IBM promotional items?

From: Anne & Lynn Wheeler <lynn@garlic.com>
Subject: Re: IBM promotional items?
Newsgroups: alt.folklore.computers
Date: Tue, 01 Aug 2000 12:22:23 GMT

Ned Holbrook writes:

This has happened to all of my best coffee mugs, too. The last one to
disappear featured the name and address of the computer store that
sold me my Apple II on one side, and a large six-color Apple logo on
the other. I'll be damned if I didn't just leave it in the office
dishwasher overnight only to find it gone the next morning.

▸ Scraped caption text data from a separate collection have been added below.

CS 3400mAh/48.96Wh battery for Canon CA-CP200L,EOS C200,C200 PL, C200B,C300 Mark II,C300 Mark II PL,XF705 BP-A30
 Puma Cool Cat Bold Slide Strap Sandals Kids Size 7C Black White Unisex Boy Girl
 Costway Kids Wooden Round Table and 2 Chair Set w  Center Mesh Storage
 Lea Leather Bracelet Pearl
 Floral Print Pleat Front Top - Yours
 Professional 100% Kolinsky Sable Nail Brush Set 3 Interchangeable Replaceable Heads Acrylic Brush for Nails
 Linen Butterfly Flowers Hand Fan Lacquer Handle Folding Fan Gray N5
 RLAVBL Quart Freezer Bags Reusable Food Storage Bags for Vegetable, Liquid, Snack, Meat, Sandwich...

my brother ... a regional apple rep at the time (3-4 states) ... would
see "non-apple" mugs from other vendors at customer shops and fawn
over them ... telling the customer how great the cup was and would
they possibly part with the cup in trade for an apple mug. it worked a
large percentage of the time.

i've had some really great mugs disappear off my desk at work ... and
not to be found anywhere in the building. it got so i stopped bringing
really good mugs to work.

--
Anne & Lynn Wheeler   | lynn@garlic.com, finger for pgp key
 http://www.garlic.com/~lynn/

S/360 development burnout?

From: Anne & Lynn Wheeler <lynn@garlic.com>
Subject: Re: S/360 development burnout?
Newsgroups: alt.folklore.computers
Date: Thu, 03 Aug 2000 03:51:03 GMT

jata@aepiax.net (Julian Thomas) writes:

Not true.  Both happened in Poughkeepsie.  (I know - I was part of the
155 project).

sorry, my incomplete memory ... although i seem to remember when we
were working on 16way using 158 processors ... i thot the 158 engineers
we were working with were in kingston (although there was one or two
former 165/168 engineers that were pok). this would have been '76 or
so.

--
Anne & Lynn Wheeler   | lynn@garlic.com, finger for pgp key
 http://www.garlic.com/~lynn/

Superduper computers--why RISC not 390?

From: Anne & Lynn Wheeler <lynn@garlic.com>
Subject: Re: Superduper computers--why RISC not 390?
Newsgroups: alt.folklore.computers
Date: Fri, 04 Aug 2000 12:33:13 GMT

In article <8maju6$85l@netaxs.com>, lwin wrote:

I understand IBM's superduper computers use RS/6000 architecture.  Why
was that preferred over the S/390 architecture?

misc. refs:

http://www.garlic.com/~lynn/99.html#136a
http://www.garlic.com/~lynn/2000c.html#6
http://www.garlic.com/~lynn/2000c.html#21
http://www.garlic.com/~lynn/2000c.html#22
http://www.garlic.com/~lynn/2000c.html#56
http://www.garlic.com/~lynn/2000d.html#2
http://www.garlic.com/~lynn/2000d.html#3

--
Anne & Lynn Wheeler   | lynn@garlic.com, finger for pgp key
 http://www.garlic.com/~lynn/

Superduper computers--why RISC not 390?

From: Anne & Lynn Wheeler <lynn@garlic.com>
Subject: Re: Superduper computers--why RISC not 390?
Newsgroups: alt.folklore.computers
Date: Sat, 05 Aug 2000 16:38:39 GMT

jmfbahciv writes:

It may be a scarey thought, but you have no concept of how these
sources get lost.  If really very easy to lose sources of software
that isn't under continuous change no matter how many backup schemes
are put into place.

misc. ref:

http://www.garlic.com/~lynn/2000.html#43

--
Anne & Lynn Wheeler   | lynn@garlic.com
 http://www.garlic.com/~lynn/

Superduper computers--why RISC not 390?

Refed: **, - **, - **, - **, - **
From: Anne & Lynn Wheeler <lynn@garlic.com>
Subject: Re: Superduper computers--why RISC not 390?
Newsgroups: alt.folklore.computers
Date: Sat, 05 Aug 2000 19:01:45 GMT

glass2 writes:

I've known several groups who have kept back level versions of
operating systems around, just so they could rebuild their code.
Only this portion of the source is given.